In the listing below, find the line containing "Canon Sure Shot" and the line containing "Stadtmauer Mit Kanone — Stockfoto". Repeat exactly those two lines and every line between them, nothing more.
*** DATA RECORDS ***
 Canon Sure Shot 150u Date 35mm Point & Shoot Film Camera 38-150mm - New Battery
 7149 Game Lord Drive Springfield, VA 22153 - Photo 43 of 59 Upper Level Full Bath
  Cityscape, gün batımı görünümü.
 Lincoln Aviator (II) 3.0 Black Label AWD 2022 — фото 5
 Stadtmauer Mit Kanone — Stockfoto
***
*** DATA RECORDS ***
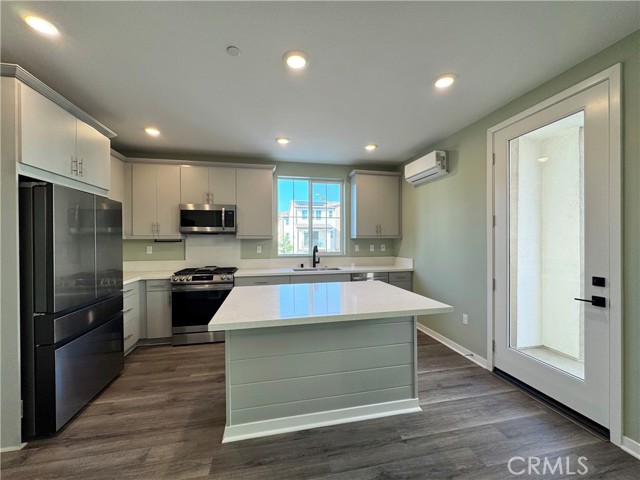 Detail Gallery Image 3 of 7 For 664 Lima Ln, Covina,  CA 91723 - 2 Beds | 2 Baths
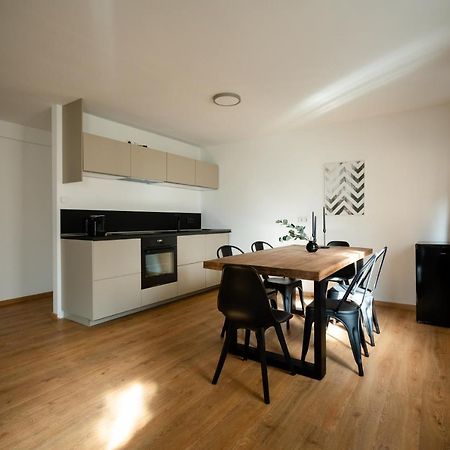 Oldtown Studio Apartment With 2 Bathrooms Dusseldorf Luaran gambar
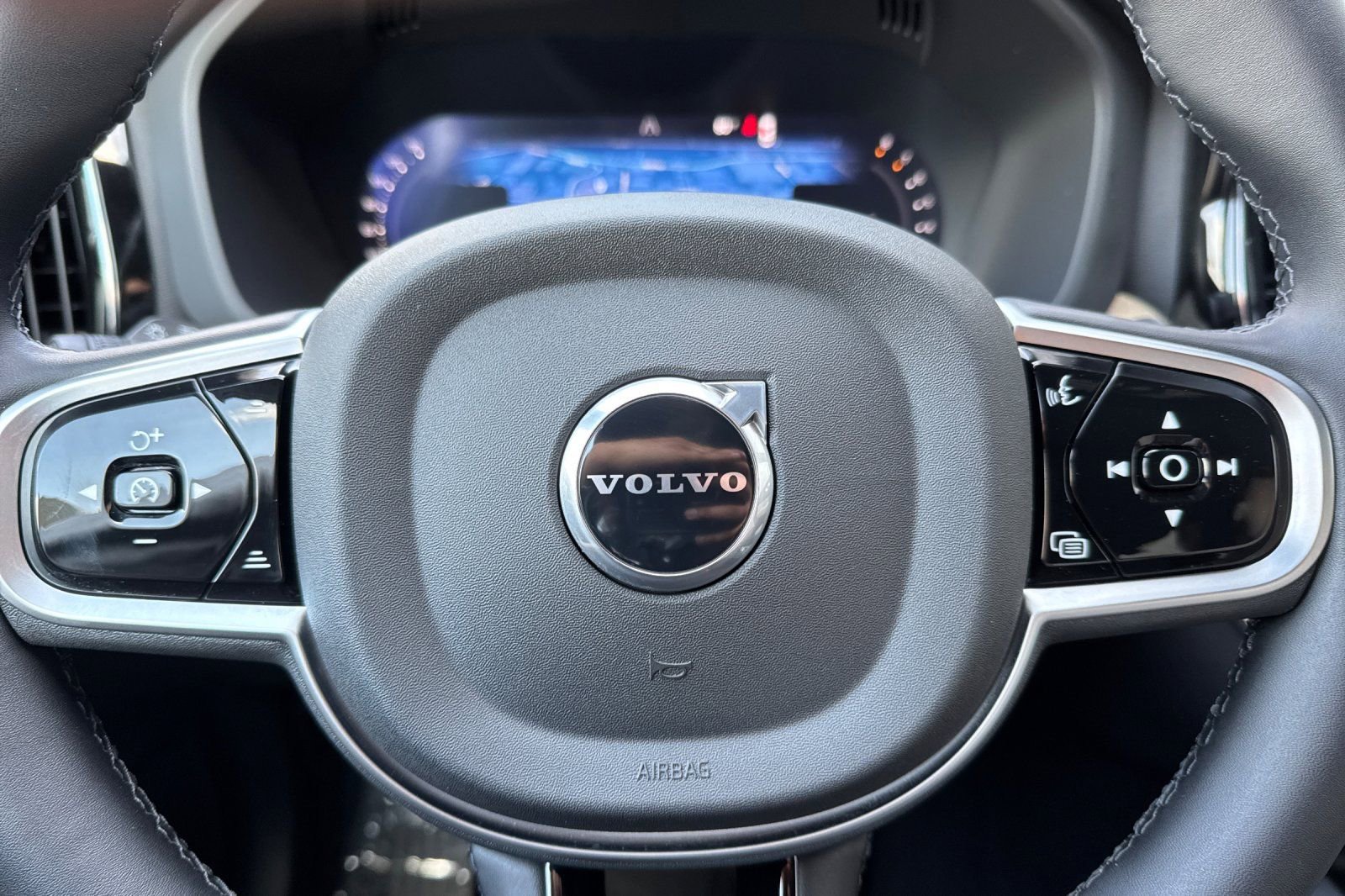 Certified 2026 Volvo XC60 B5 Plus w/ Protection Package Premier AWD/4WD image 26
***
* _SOLVED PROBLEM_
 Canon Sure Shot 150u Date 35mm Point & Shoot Film Camera 38-150mm - New Battery
 7149 Game Lord Drive Springfield, VA 22153 - Photo 43 of 59 Upper Level Full Bath
  Cityscape, gün batımı görünümü.
 Lincoln Aviator (II) 3.0 Black Label AWD 2022 — фото 5
 Stadtmauer Mit Kanone — Stockfoto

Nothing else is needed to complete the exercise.